# Goal of the exercise:
Lines from the one with "Image 1 : 14K" up to and including the one with "Gonso Fahrradjacke Tomar" are to be copied exactly from the records below, without their pictures.

# Provided material:
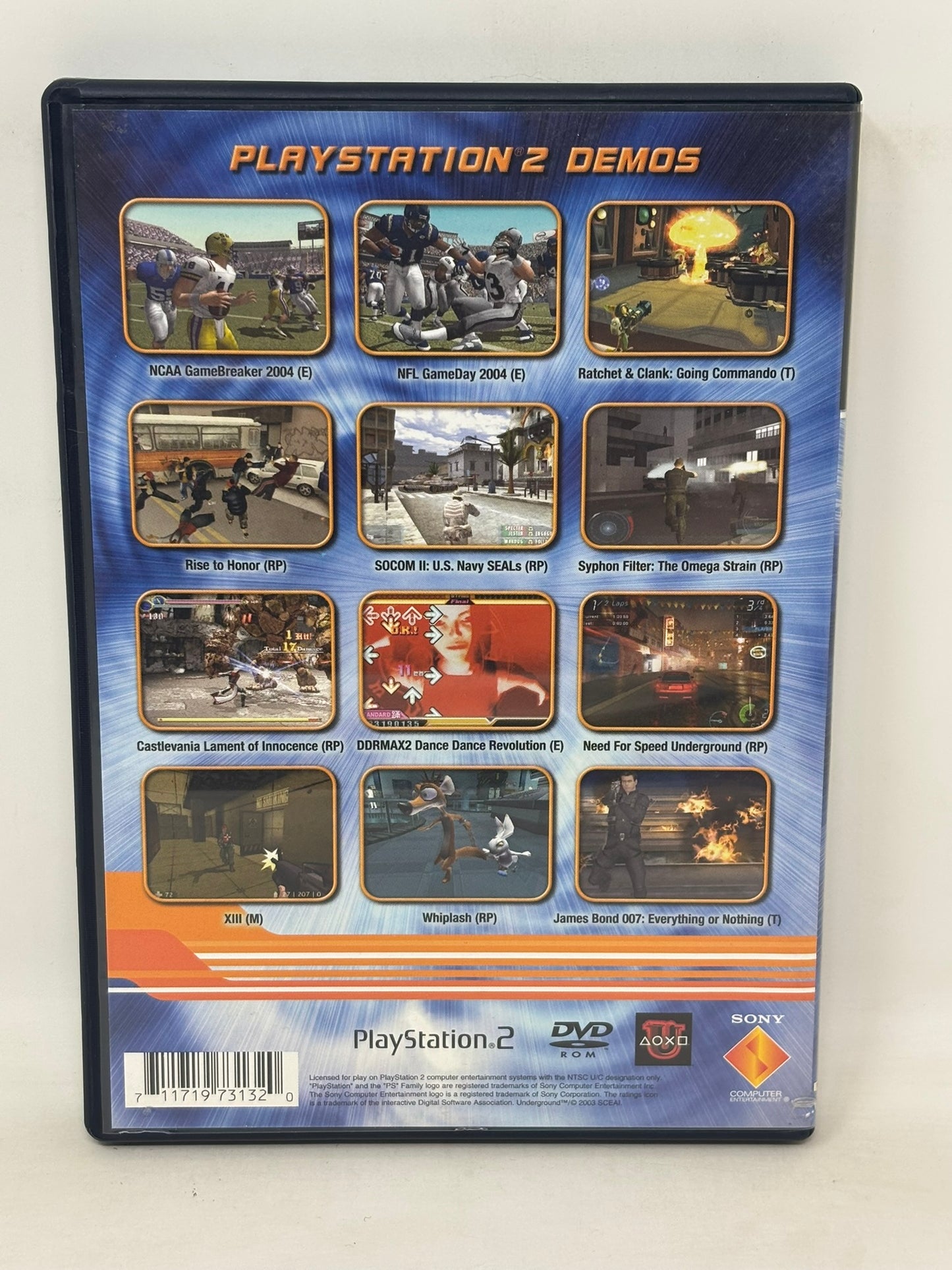 Sony PlayStation 2 - Jampack Winter 2003 Demo Disc - Complete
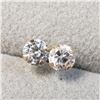 Image 1 : 14K YELLOW GOLD CUBIC ZIRCONIA EARRINGS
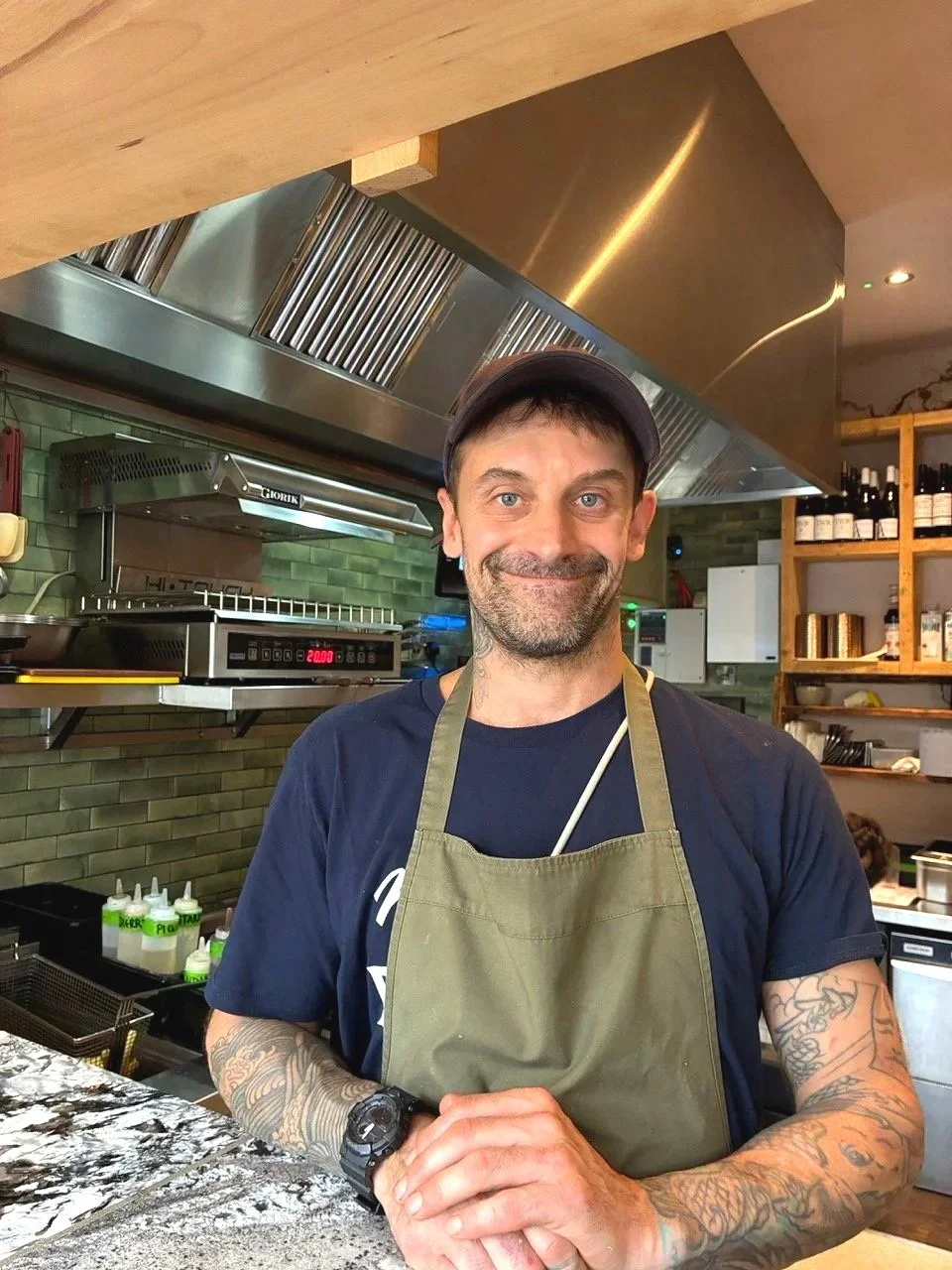 ...and I had to compliment the chef, Ian, though I didn't check that the dishes were ones he devised - but so well accomplished!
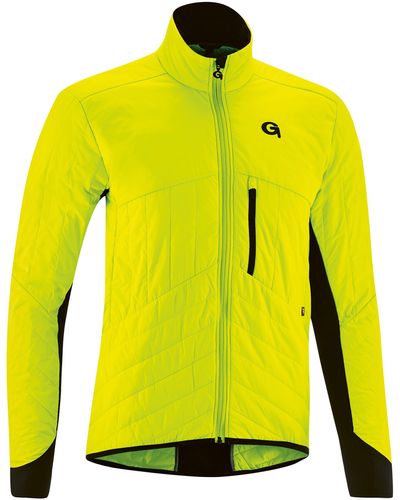 Gonso Fahrradjacke Tomar Primaloft-Jacke, warm, atmungsaktiv und winddicht - Gelb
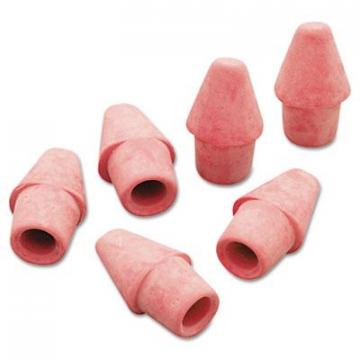Paper Mate Arrowhead Eraser Caps, Pink, Elastomer, 144/Box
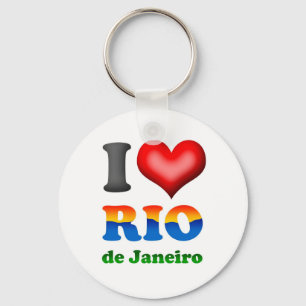Chaveiro Eu Amo Rio de Janeiro, Brasil A Cidade Maravilhosa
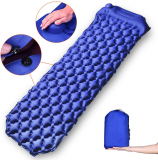 YUECHAO Self-inflating Camping Mat With Pillow, Ultralight Folding Sleeping Pad, Compact and Moistureproof, Compatible with Hammock and Tent Great for Camping Traveling Single.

# Result of the task:
 Image 1 : 14K YELLOW GOLD CUBIC ZIRCONIA EARRINGS
 ...and I had to compliment the chef, Ian, though I didn't check that the dishes were ones he devised - but so well accomplished!
 Gonso Fahrradjacke Tomar Primaloft-Jacke, warm, atmungsaktiv und winddicht - Gelb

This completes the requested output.